## [What is being asked]
Nothing but the images should be left out when the entries are restated word for word.

## [Records to use]
══════

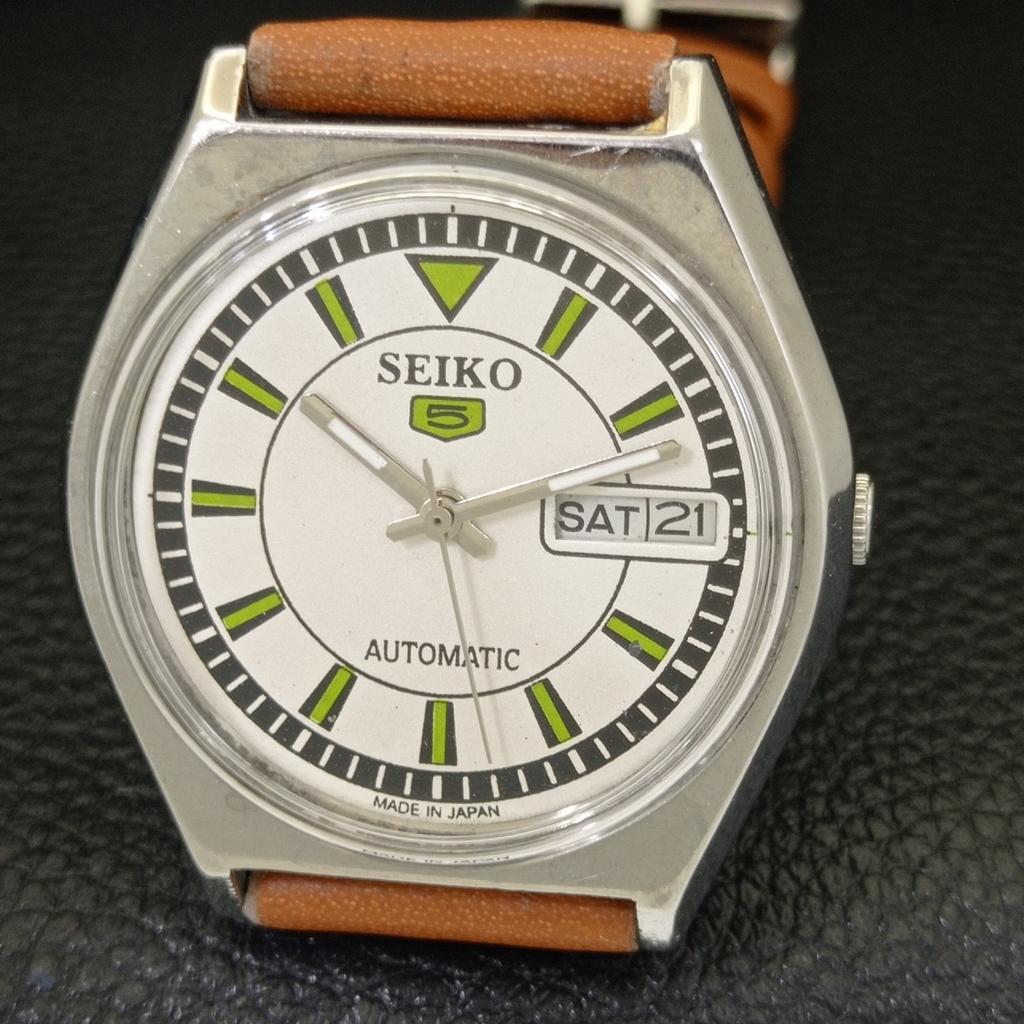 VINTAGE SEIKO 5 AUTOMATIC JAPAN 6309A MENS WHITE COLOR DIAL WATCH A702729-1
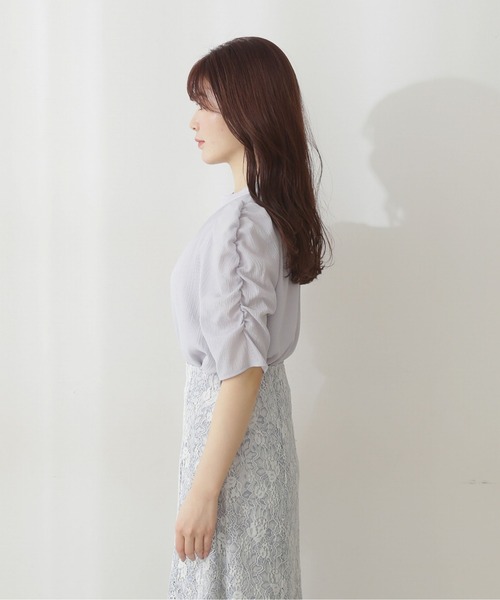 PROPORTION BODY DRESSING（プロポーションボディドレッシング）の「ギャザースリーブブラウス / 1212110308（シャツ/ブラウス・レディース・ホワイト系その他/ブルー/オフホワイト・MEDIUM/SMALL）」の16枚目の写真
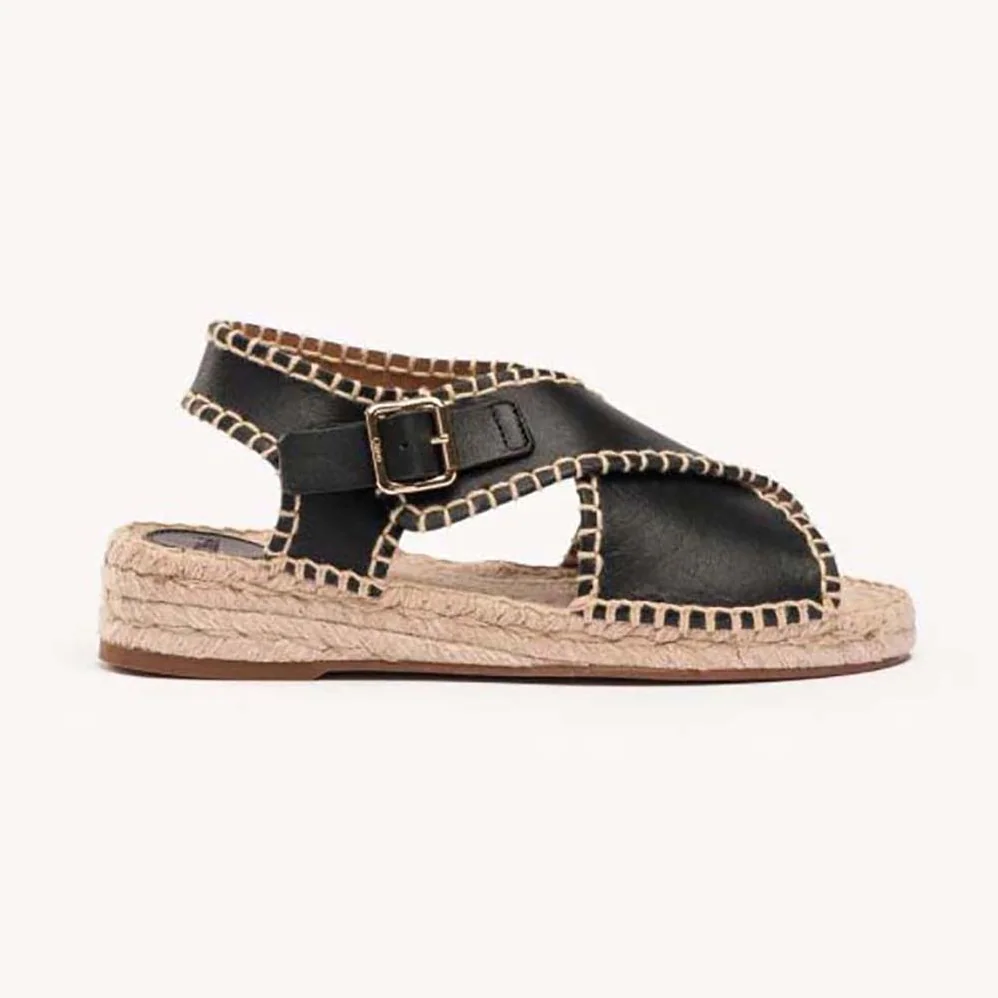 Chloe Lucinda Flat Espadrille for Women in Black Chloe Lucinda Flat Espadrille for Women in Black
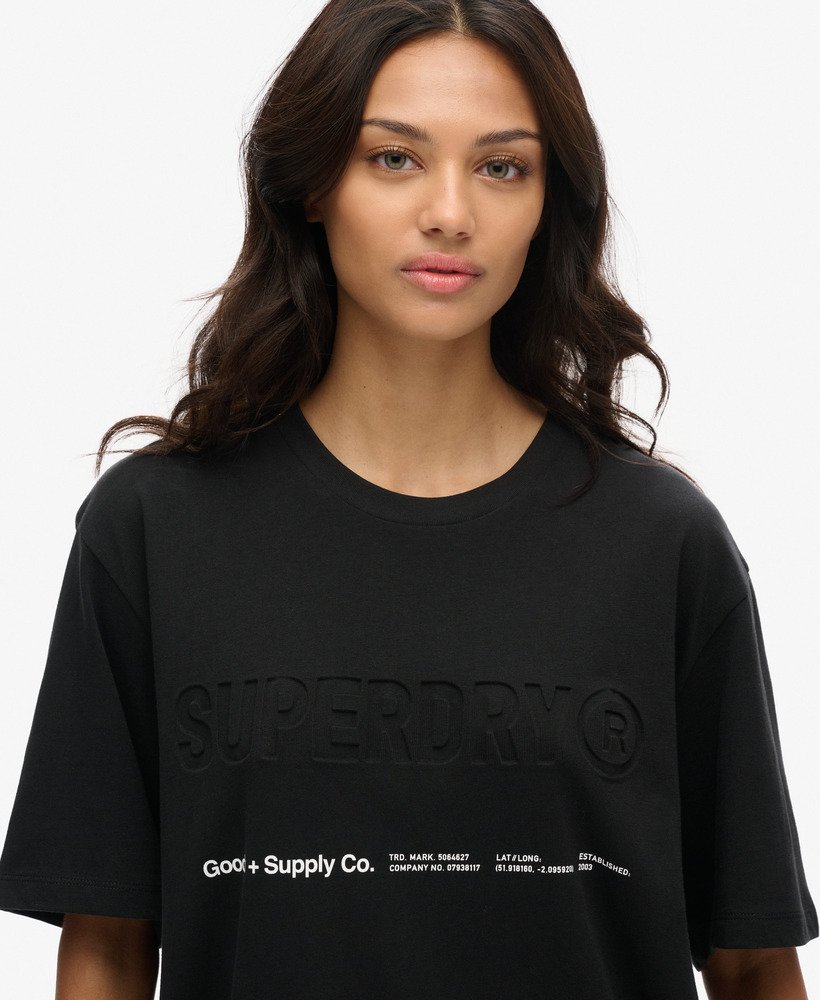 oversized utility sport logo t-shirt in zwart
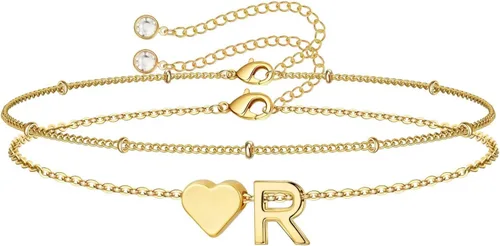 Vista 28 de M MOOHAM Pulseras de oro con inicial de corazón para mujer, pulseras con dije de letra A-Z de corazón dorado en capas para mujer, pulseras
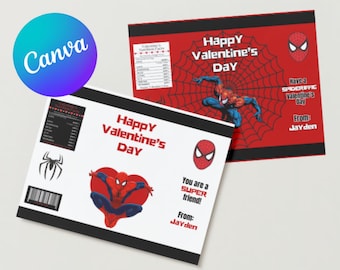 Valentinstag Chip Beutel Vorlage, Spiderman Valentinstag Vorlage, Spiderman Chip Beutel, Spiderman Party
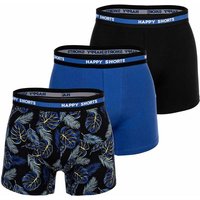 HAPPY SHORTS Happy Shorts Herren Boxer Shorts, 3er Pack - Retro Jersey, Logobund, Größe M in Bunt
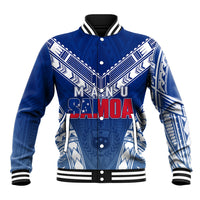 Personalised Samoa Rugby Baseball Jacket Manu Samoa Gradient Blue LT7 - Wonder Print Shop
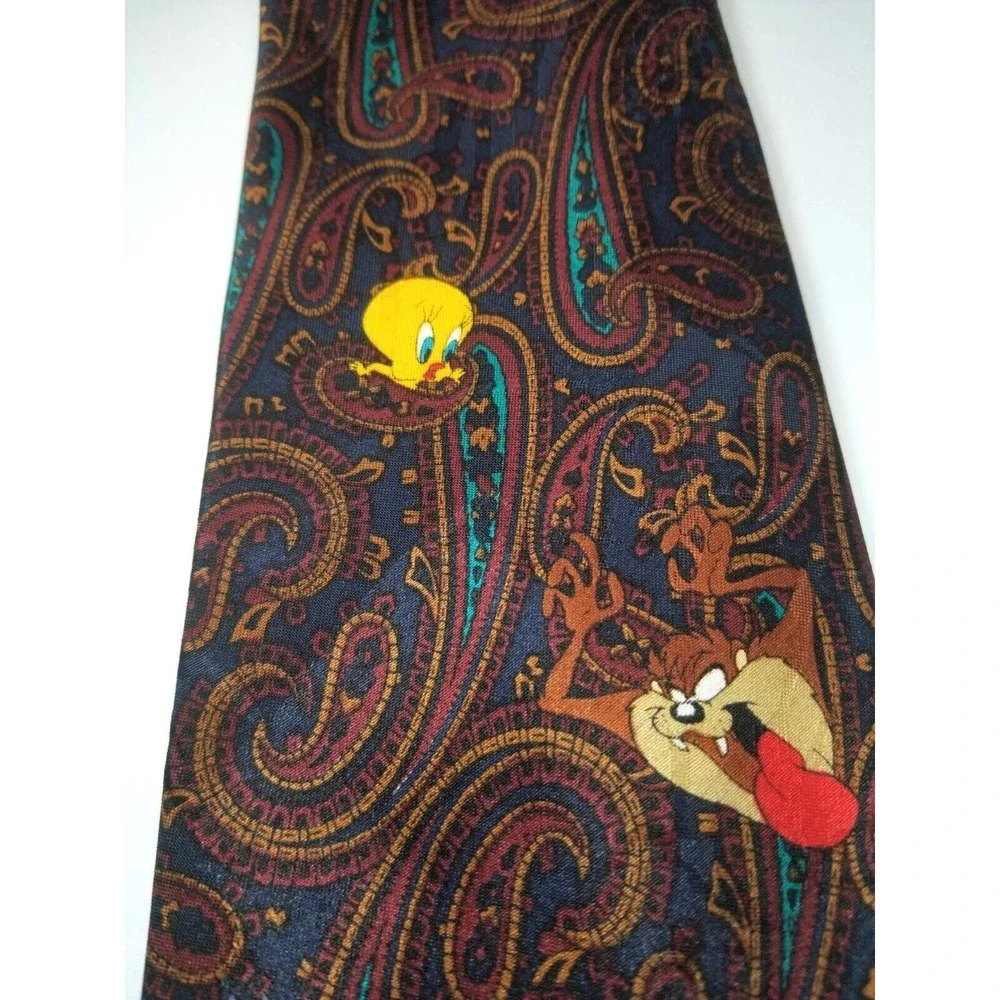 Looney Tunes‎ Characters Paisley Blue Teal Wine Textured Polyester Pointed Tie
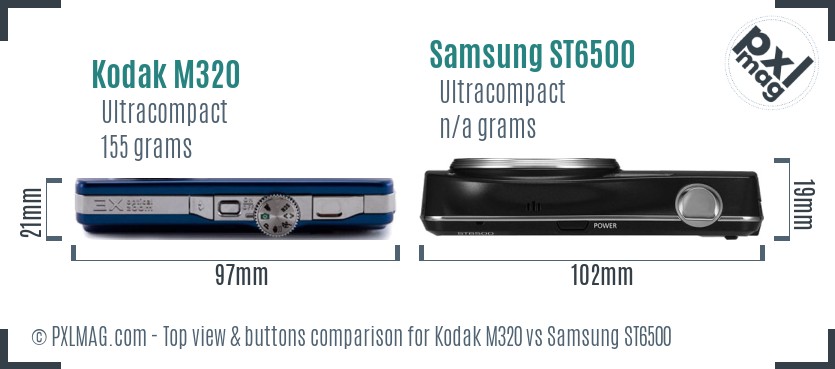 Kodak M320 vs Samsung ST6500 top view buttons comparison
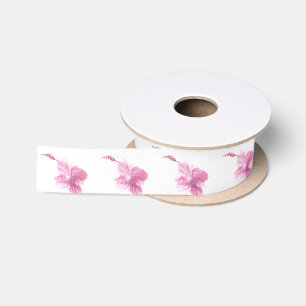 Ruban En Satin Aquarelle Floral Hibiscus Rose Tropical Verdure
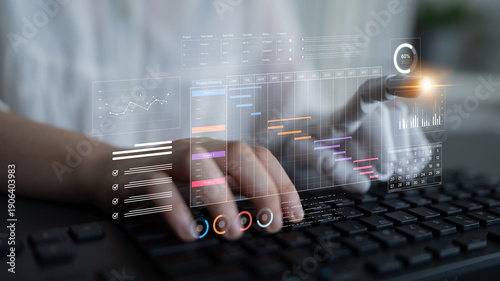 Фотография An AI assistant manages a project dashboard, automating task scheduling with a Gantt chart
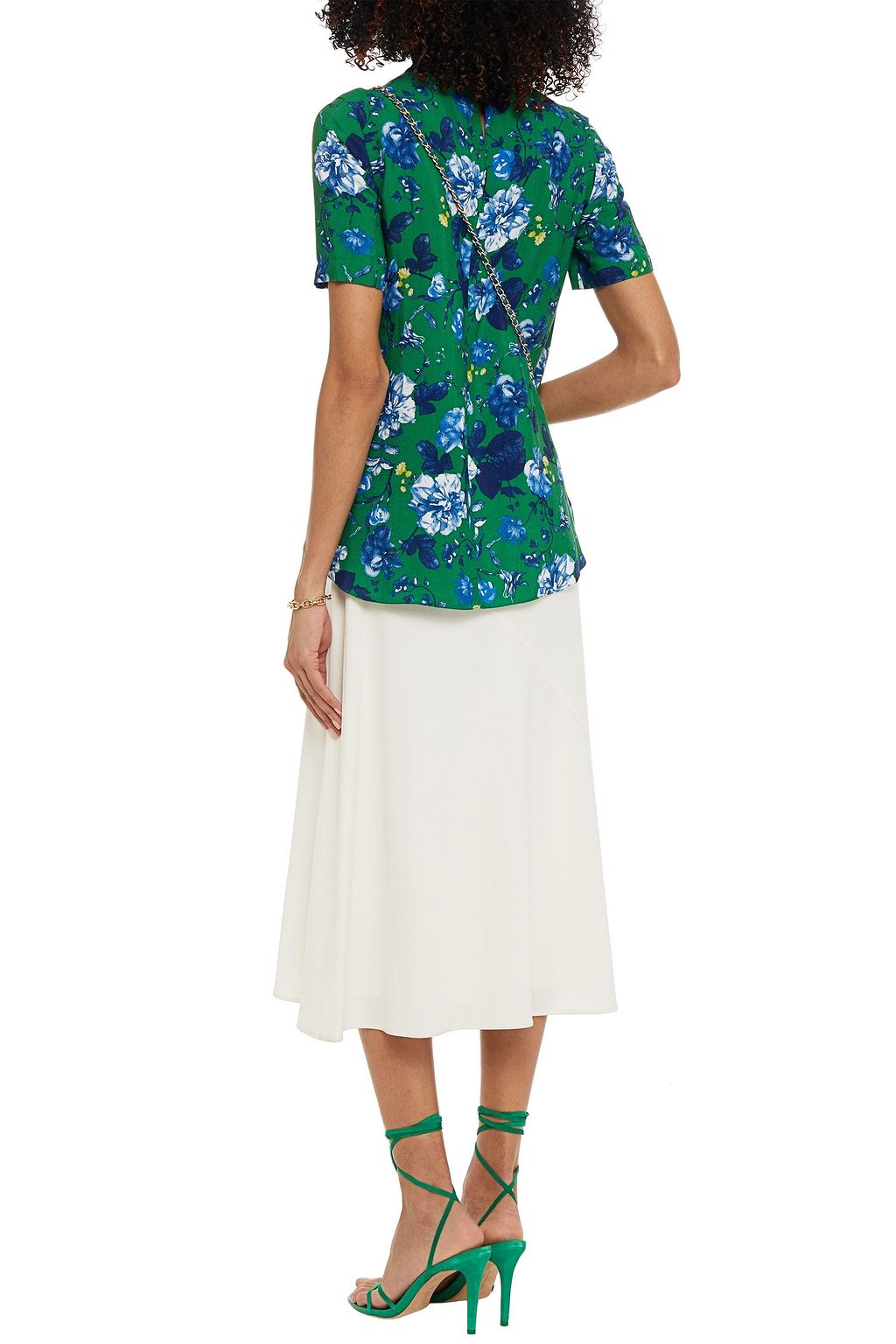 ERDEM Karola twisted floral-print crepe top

══════

## [Expected answer]
 VINTAGE SEIKO 5 AUTOMATIC JAPAN 6309A MENS WHITE COLOR DIAL WATCH A702729-1
 PROPORTION BODY DRESSING（プロポーションボディドレッシング）の「ギャザースリーブブラウス / 1212110308（シャツ/ブラウス・レディース・ホワイト系その他/ブルー/オフホワイト・MEDIUM/SMALL）」の16枚目の写真
 Chloe Lucinda Flat Espadrille for Women in Black Chloe Lucinda Flat Espadrille for Women in Black
 oversized utility sport logo t-shirt in zwart
 Vista 28 de M MOOHAM Pulseras de oro con inicial de corazón para mujer, pulseras con dije de letra A-Z de corazón dorado en capas para mujer, pulseras
 Valentinstag Chip Beutel Vorlage, Spiderman Valentinstag Vorlage, Spiderman Chip Beutel, Spiderman Party
 HAPPY SHORTS Happy Shorts Herren Boxer Shorts, 3er Pack - Retro Jersey, Logobund, Größe M in Bunt
 Personalised Samoa Rugby Baseball Jacket Manu Samoa Gradient Blue LT7 - Wonder Print Shop
 Looney Tunes‎ Characters Paisley Blue Teal Wine Textured Polyester Pointed Tie
 Kodak M320 vs Samsung ST6500 top view buttons comparison
 Ruban En Satin Aquarelle Floral Hibiscus Rose Tropical Verdure
 Фотография An AI assistant manages a project dashboard, automating task scheduling with a Gantt chart
 ERDEM Karola twisted floral-print crepe top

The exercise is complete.